I am not sure what on-line games you talk about, and attach little value to games that were not played under supervised conditions. People can publish anything on line; it is very easy to have a program play itself until the result is not a draw, and then claim you played the winning side yourself. My program Spartacus, which won the 10x8 variant tourney a decade ago, is actually a private engine, and I don't recall I had it play Ed ever.

That being said, I should point out that 10x8 Chess programs are considered weak, even when the corresponding 8x8 engine is of GM level. The point seems to be that because of the wider board it is very important how you distribute your power (which resides mostly in the 3 super-pieces) over the board, and can exploit a poor distribution by blocking the center to 'freeze' it. When this gives you a super-piece majority on the Kings' side, it is often decisive before the opponent can redistribute his pieces. This is of course easy to repair by a dedicated evaluation term.
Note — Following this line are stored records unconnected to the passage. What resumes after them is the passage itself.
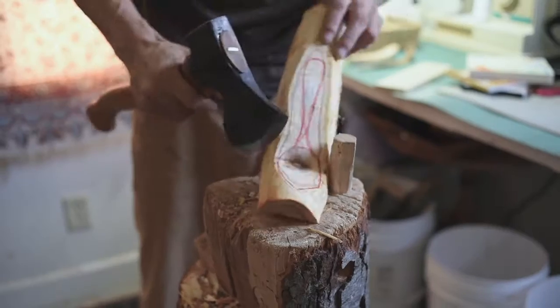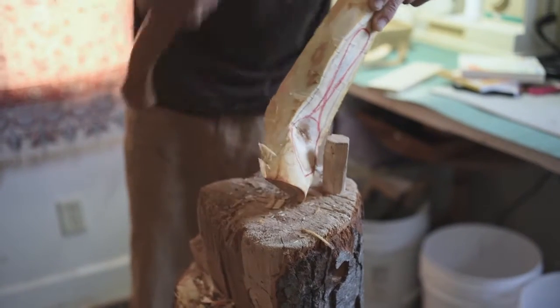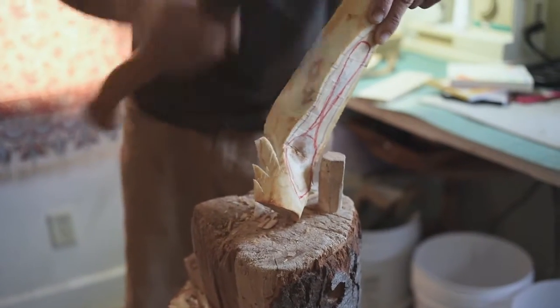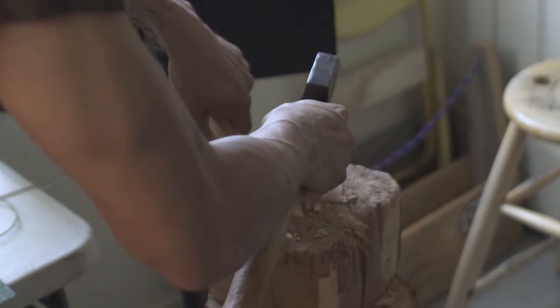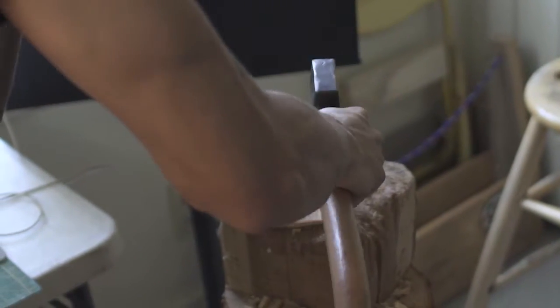Versus traditional woodworking with dryer woods, the green wood is wet and softer to work with. Those cells in the fibers of the wood are full of water, and it makes it so much easier to work — so it's easier on your hands.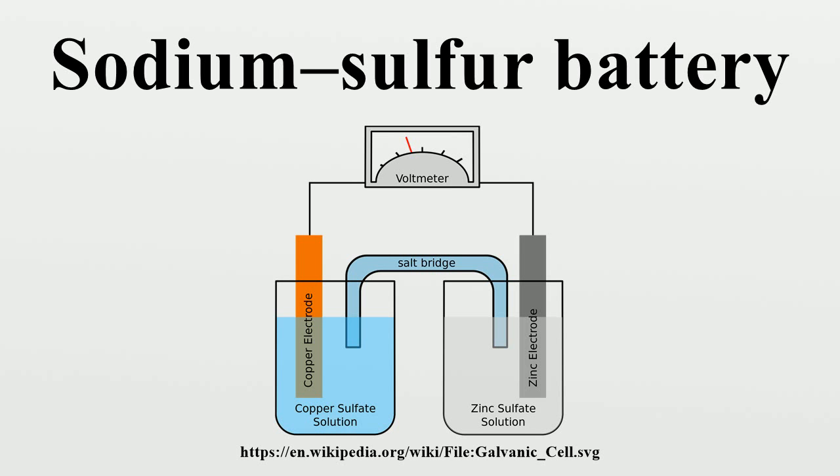The container is sealed at the top with an airtight aluminum lid. An essential part of the cell is the presence of a base membrane, which selectively conducts Na+. Thus the cell becomes more economical with increasing size. In commercial applications, the cells are arranged in blocks for better heat conservation and are encased in a vacuum-insulated box.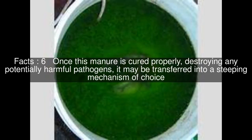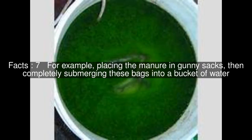Once this manure is cured properly, destroying any potentially harmful pathogens, it may be transferred into a steeping mechanism of choice. For example, placing the manure in gunny sacks, then completely submerging these bags into a bucket of water.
But in orthodox Chess you don't really have this problem, so converted normal Chess engines would not contain it.

Avatar of Letchworthshire

Tell me the value of the pieces as I let them drop during this game I won.

Avatar of HGMuller

Even without looking at the game I can tell the piece values are the same as always, (say Q=950, C=900, A=875, R=500, B=350 (BB=750), N=300, P=80-100), since piece values are by definition not dependent on the actual position, but an average over all positions that plausibly can occur in a game.

Avatar of Letchworthshire
HGMuller wrote:

Even without looking at the game I can tell the piece values are the same as always, (say Q=950, C=900, A=875, R=500, B=350 (BB=750), N=300, P=80-100), since piece values are by definition not dependent on the actual position, but an average over all positions that plausibly can occur in a game.
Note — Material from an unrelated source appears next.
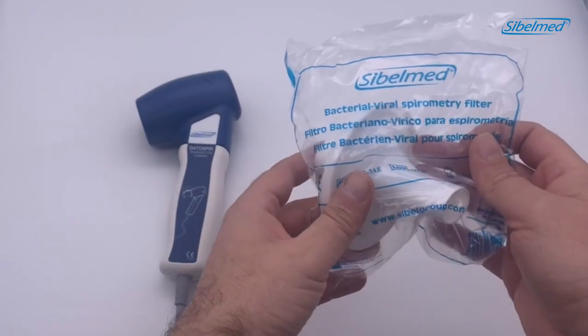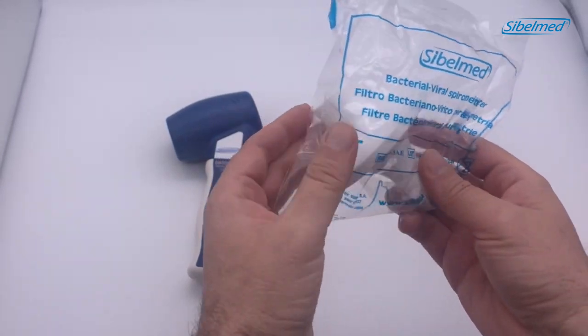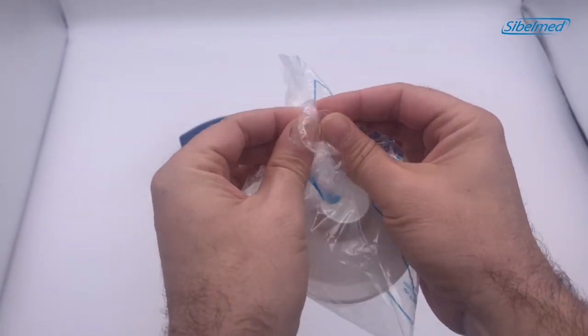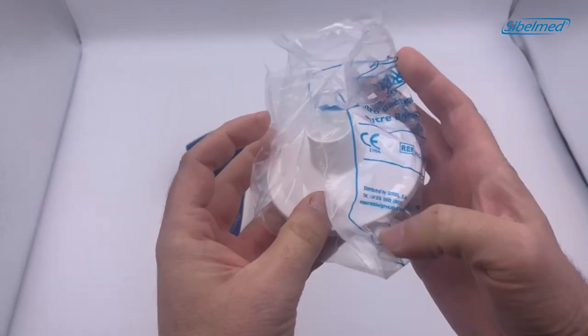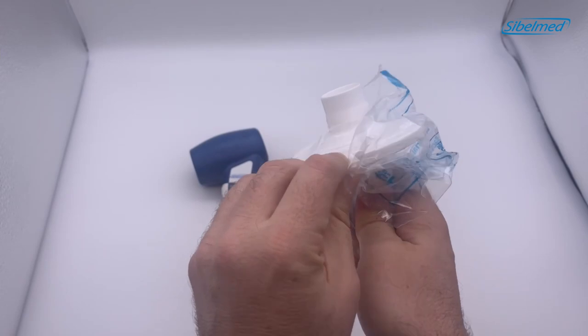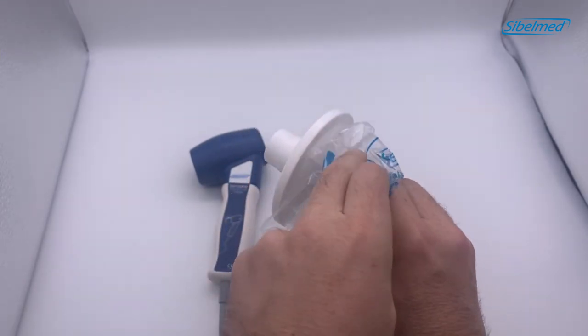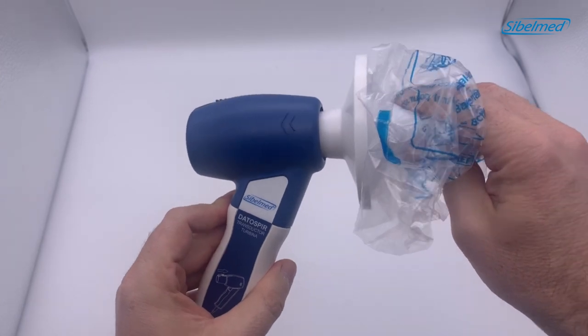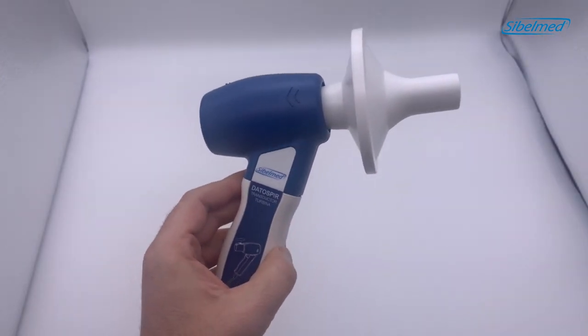We will use a bacterial filter on the transducer to avoid any cross contamination. Open the plastic bag leaving the oval outlet inside. Connect the filter to the transducer and then remove the bag. The spirometer is now ready for the first maneuver.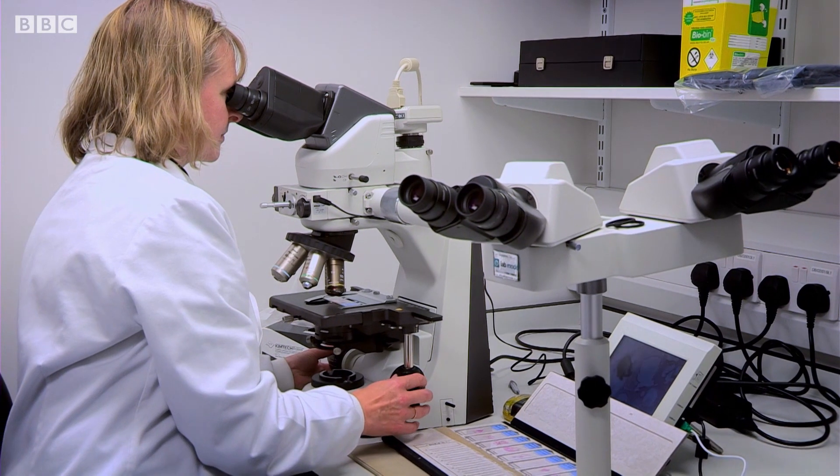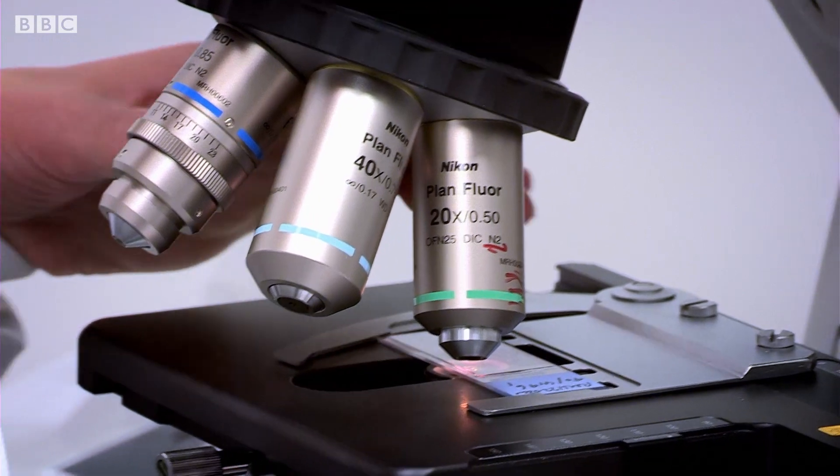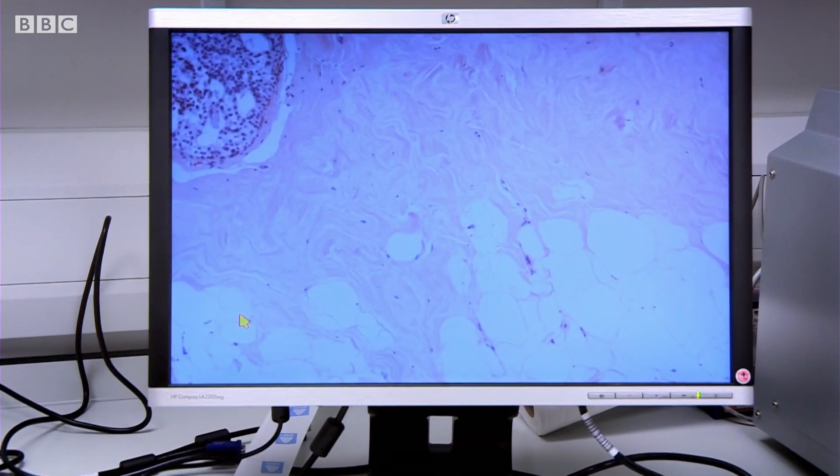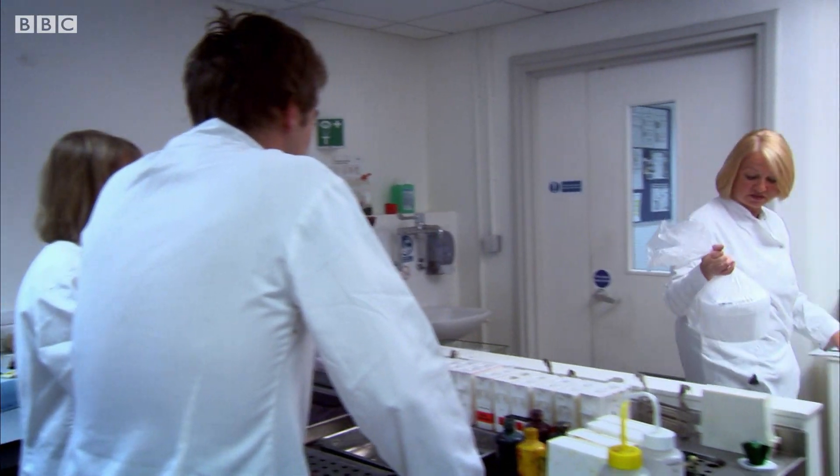Louise Jones is a pathologist who's helping to pioneer a brand-new breast cancer tissue bank. She works with tissue that's been taken from cancer patients. She receives a fresh sample: 'Hi Louise, I've got the tissue from the theatre.'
If you would look at the game it’s obvious those values fail. I expected you wouldn’t watch the game because it shows your academic preaching is worthless. Theory in a vacuum without application in the real world is pointless. Show me one bad trade I made in that game where your piece values show my ‘mistake.’ Until you do, you’re admitting I’m correct.

Avatar of shogi
Hello H.G., we remember how strong Joker80 was. It used to beat me a lot. But as Letchworthshire said, your piece weights seem a little odd. I’m a 1950 USCF player and Letchworthshire beat me in Ed’s 10x8 variant, so I trust Letchworthshire’s opinion. And Ed beat Letchworthshire many times, so I would trust Ed’s opinion even more. Why don’t you challenge Letchworthshire here to play against your program? That should decide who is right.